■ **Your assignment**
Take the line containing "Hazel Road, Cramlington, Northumberland, NE23" and every line after it to the end of the records, and copy them exactly, excluding pictures.

■ **Short text fragments from websites**
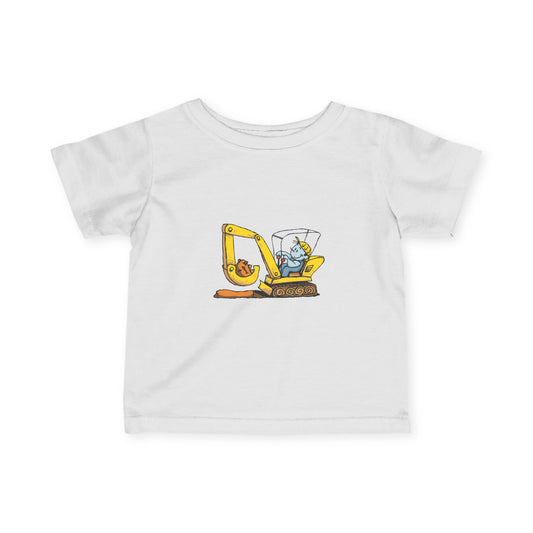 Cute Construction Theme Infant Tee, Baby T-Shirt, Toddler Clothing, Birthday Gift, Playful Outfit, Unique Baby Wear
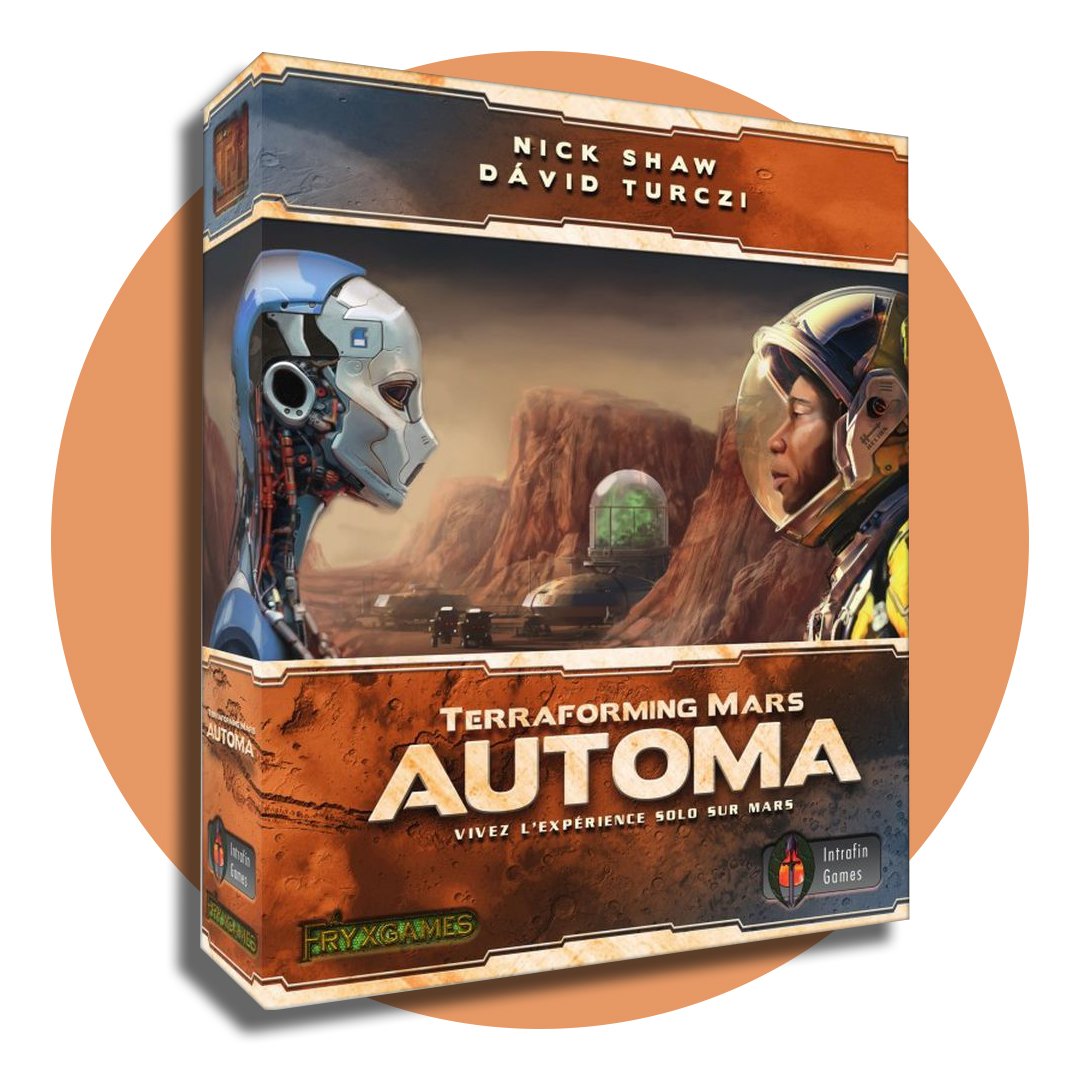 Boite de jeu Terraforming Mars - Automa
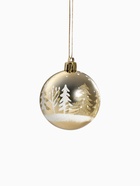 Ёлочные игрушки «Снежные ёлки», шары новогодние, набор 8 шт., d=6 см, золотистый - Фото 5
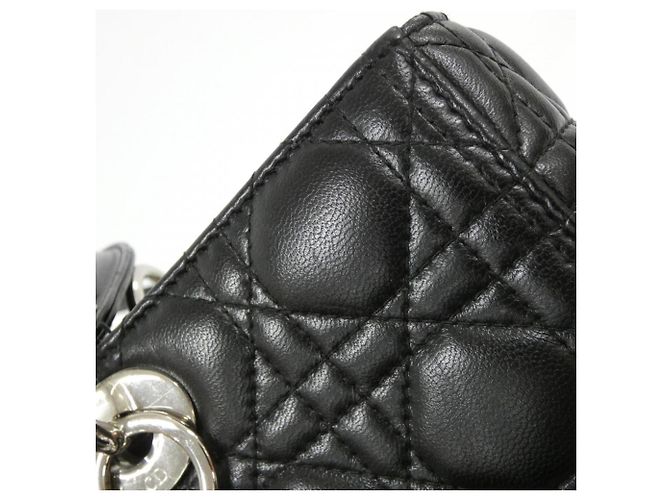 Borsa Christian Dior Lady Dior Large Nero - vista 6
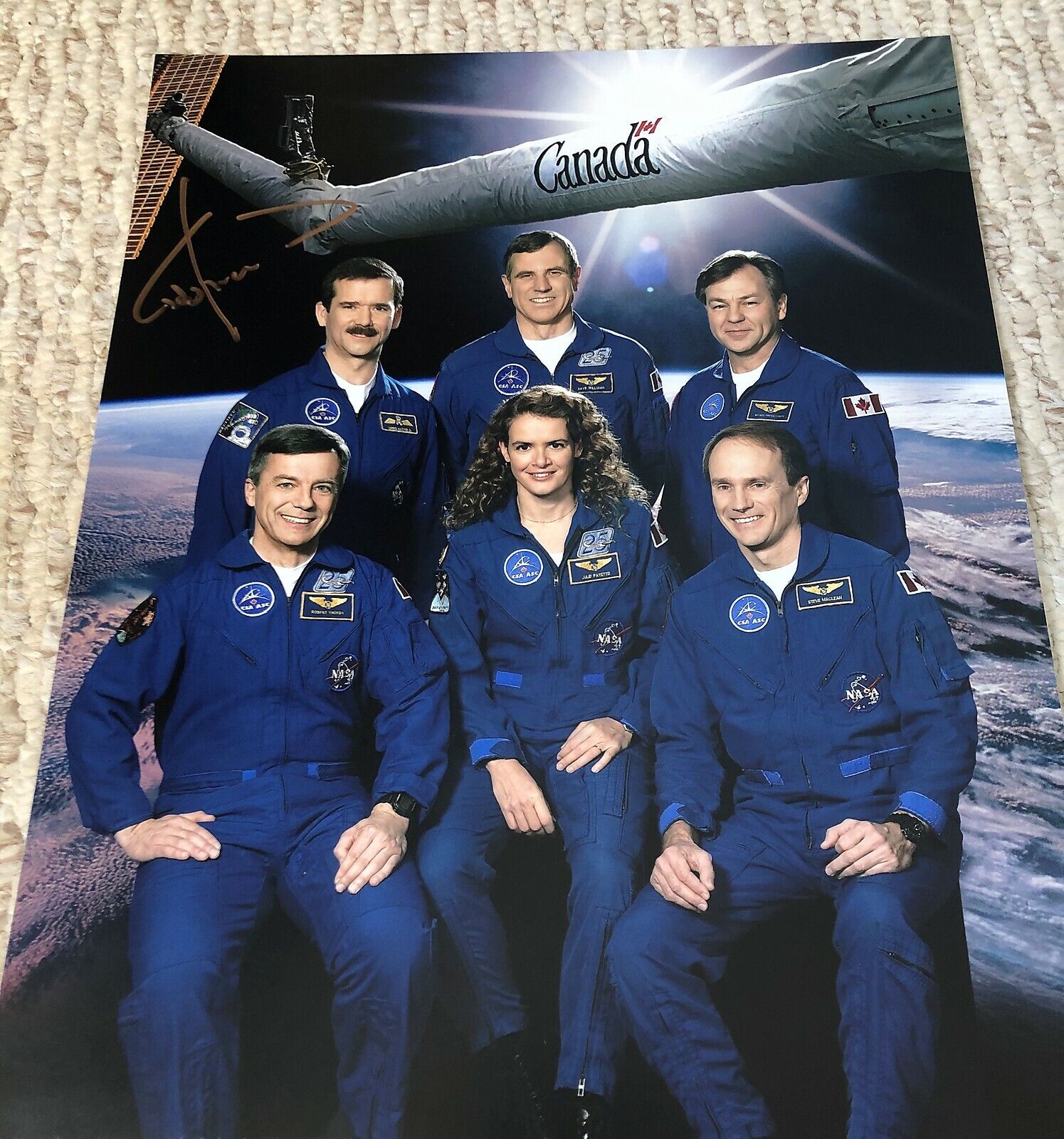 CHRIS HADFIELD SIGNED AUTOGRAPH ASTRONAUT NASA SPACE 11x14 Photo Poster painting PROOF #2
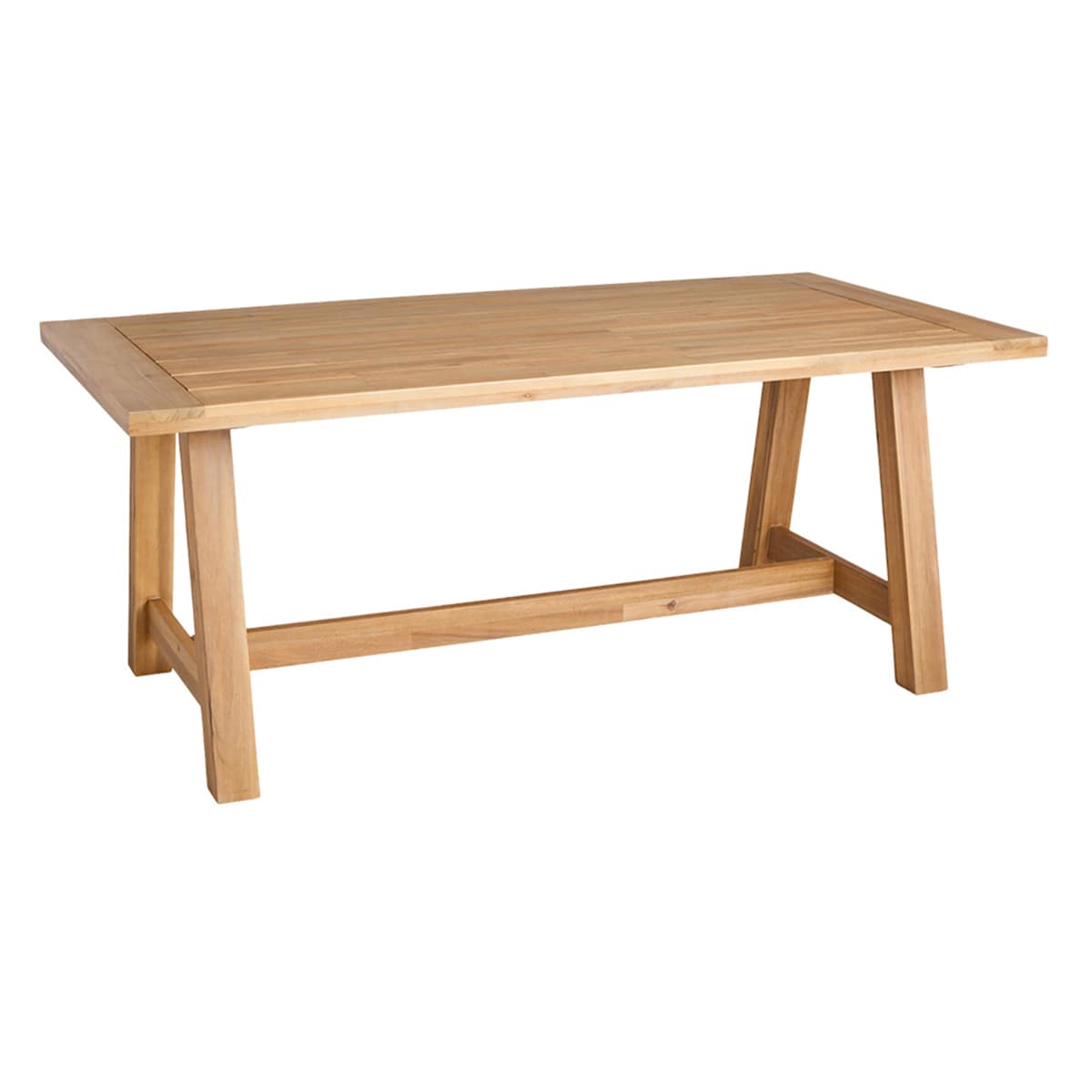 At Home Haven Blond Acacia Wood Dining Table & Chair 5-Piece Set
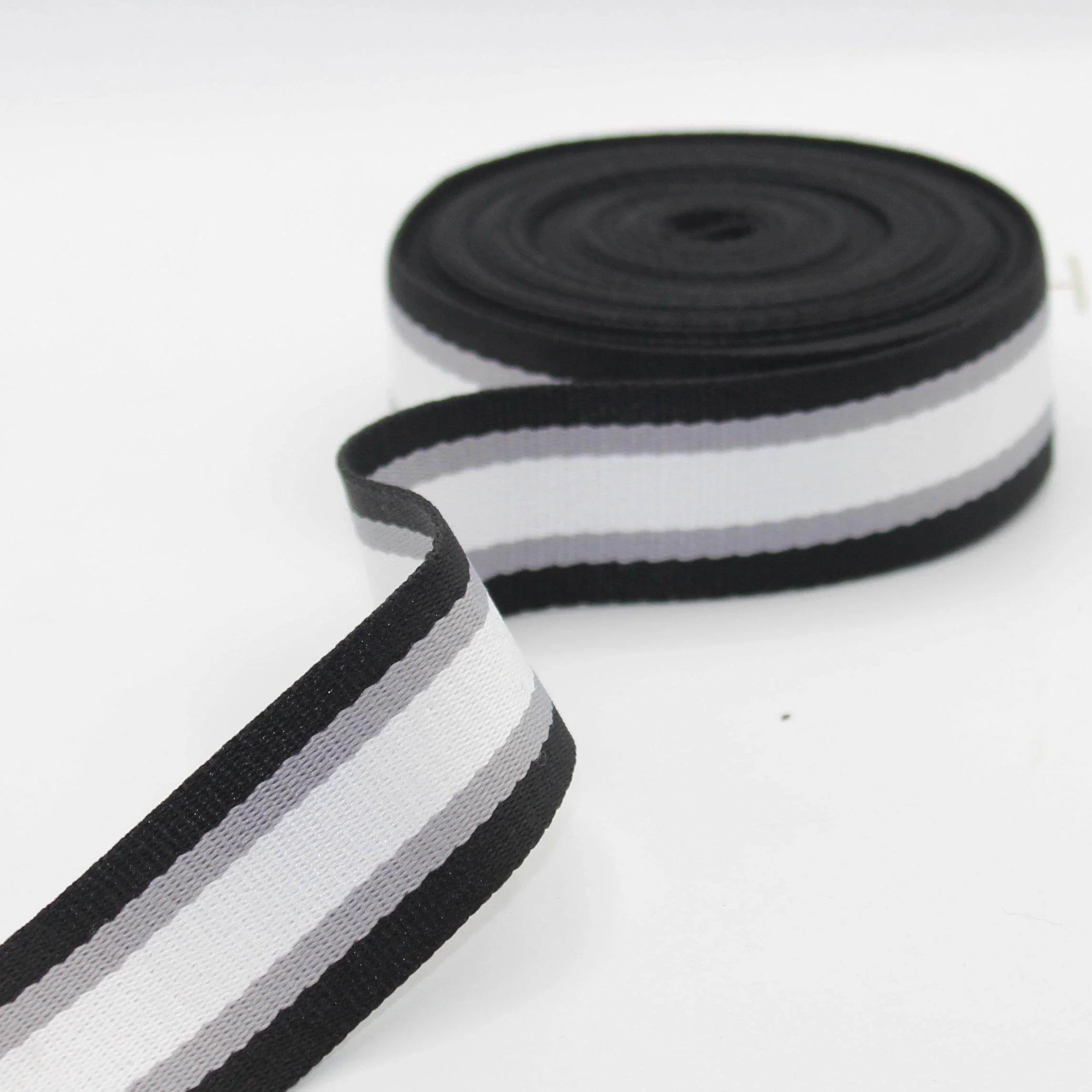 Striped Webbing 5 meters 38mm #RUB1972 - ACCESSOIRES LEDUC BV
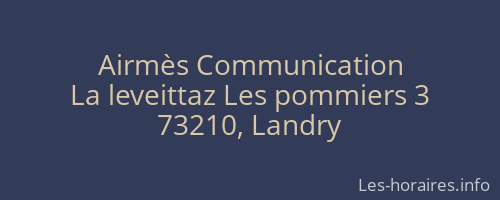 Airmès Communication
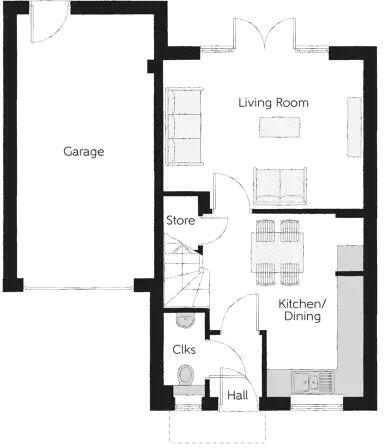 Hazel Road, Cramlington, Northumberland, NE23 floorplan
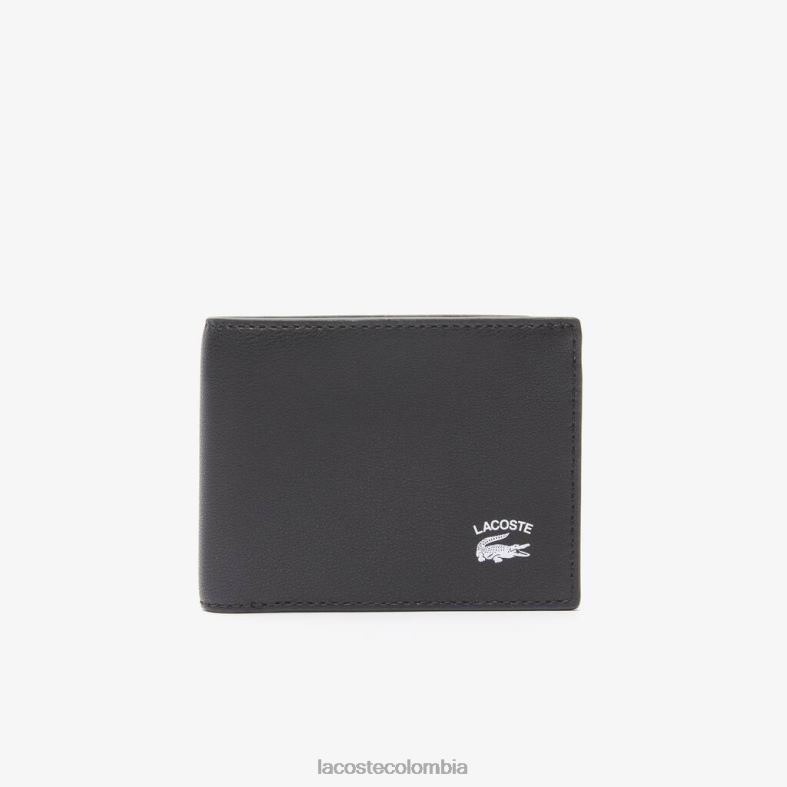 billetera plegable con ranura para tarjeta interior negro Lacoste bolsos y marroquinería hombres 80XZX1994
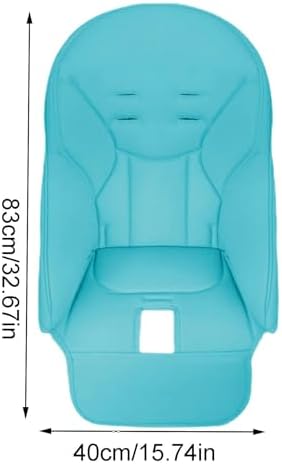 Baby High Chair Cover, PU Leather, Soft Padding, Highchair Seat Cushion - Image 4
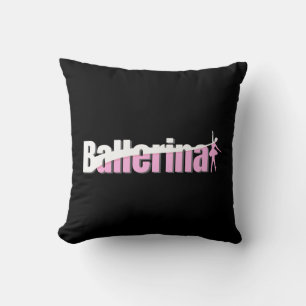 Almofada Ballerina - Arte Swish Abstrato Balé Girly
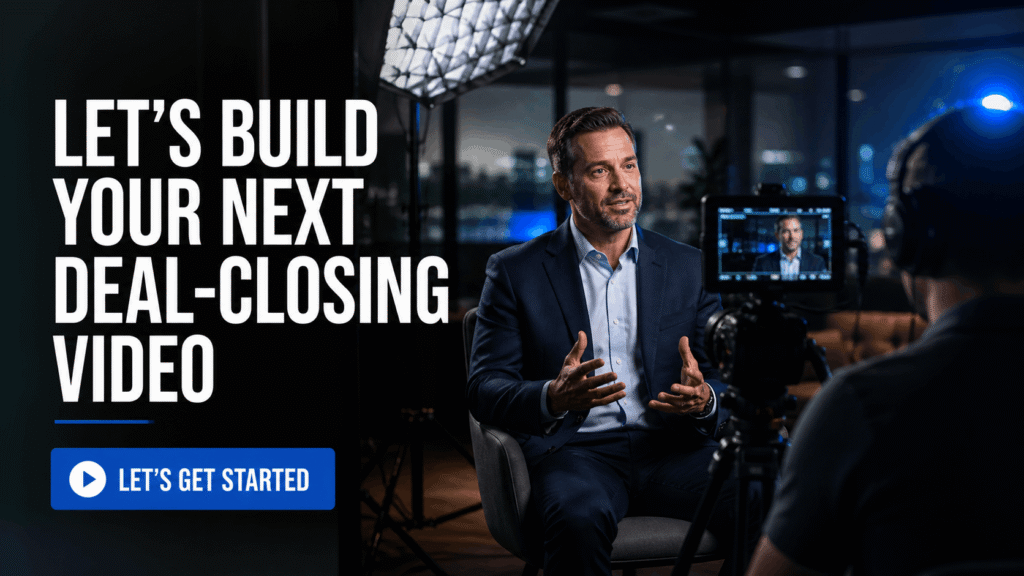 Call to action for B2B case study video production services and 6-minute formula guide at Cinematic360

■ **Result of this exercise**
 Hazel Road, Cramlington, Northumberland, NE23 floorplan
 billetera plegable con ranura para tarjeta interior negro Lacoste bolsos y marroquinería hombres 80XZX1994
 Baby High Chair Cover, PU Leather, Soft Padding, Highchair Seat Cushion - Image 4
 Almofada Ballerina - Arte Swish Abstrato Balé Girly
 Call to action for B2B case study video production services and 6-minute formula guide at Cinematic360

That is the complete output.